We have reviewed the originals or copies certified or otherwise identified to our satisfaction of the Registration Statement and all such corporate records of the Company and such other instruments and other certificates of public officials, officers and representatives of the Company and such other persons, and we have made such investigations of law, as we have deemed appropriate as a basis for the opinions expressed below. In arriving at the opinions expressed below, we have assumed the authenticity of all documents submitted to us as originals and the conformity to the originals of all documents submitted to us as copies. In addition, we have assumed and have not verified the accuracy as to factual matters of each document we have reviewed.
The foregoing opinion is limited solely to the laws of the State of Florida, the Florida Business Corporation Act and the federal laws of the United States of America, and we do not express any opinion as to the laws of any other jurisdiction. We also express no opinion herein with respect to compliance by the Company with securities or blue sky laws of any state or other jurisdiction of the United States or of any foreign jurisdiction. In addition, we express no opinion and make no statement herein with respect to the antifraud laws of any jurisdiction.
Based upon and subject to the foregoing, we are of the opinion with respect to the Offered Securities that (i) the Shares have been duly authorized and are validly issued and are fully paid and non-assessable, and (ii) upon the proper exercise of the Warrants and the payment of any consideration required thereunder, all as described in the Registration Statement, the Warrant Shares will be duly authorized, validly issued, fully paid and non-assessable.

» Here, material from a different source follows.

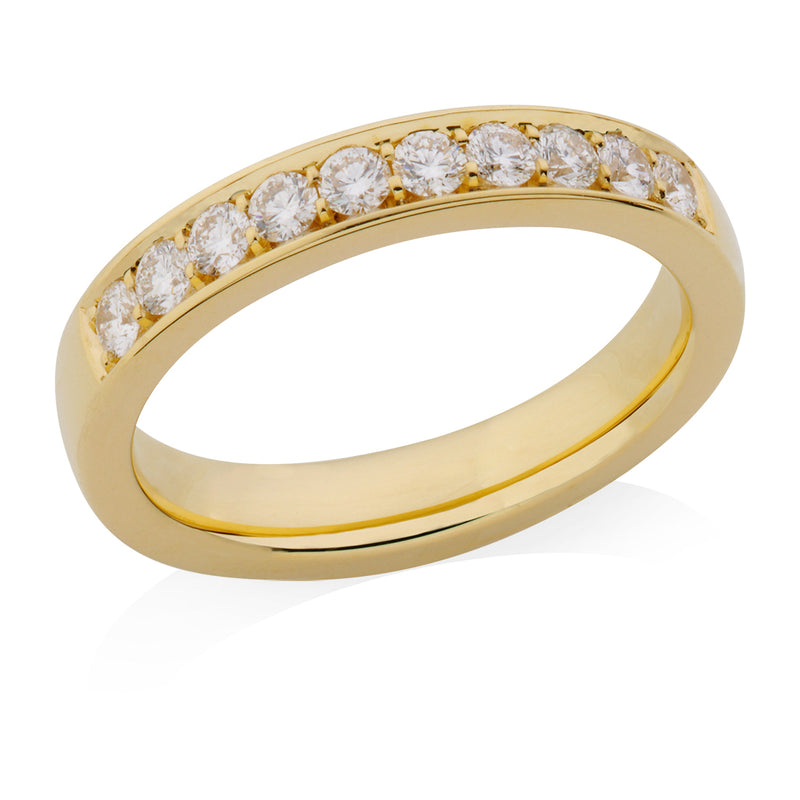 18ct Yellow Gold Polished Round Brilliant Cut Diamond Grain Set Court Wedding Ring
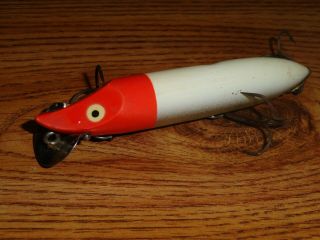 Vintage Fishing Lure Heddon 9750 Plastic Vamp Spook Red Head White Circa 1950 B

We hereby consent to the filing of this opinion with the Commission as an exhibit to the Registration Statement in accordance with the requirements of Item 601(b)(5) of Regulation S-K under the Securities Act and to the use of our name therein and in the related prospectus under the caption Legal Matters. In giving such consent, we do not hereby admit that we are in the category of persons whose consent is required under Section 7 of the Securities Act or the rules and regulations of the Commission.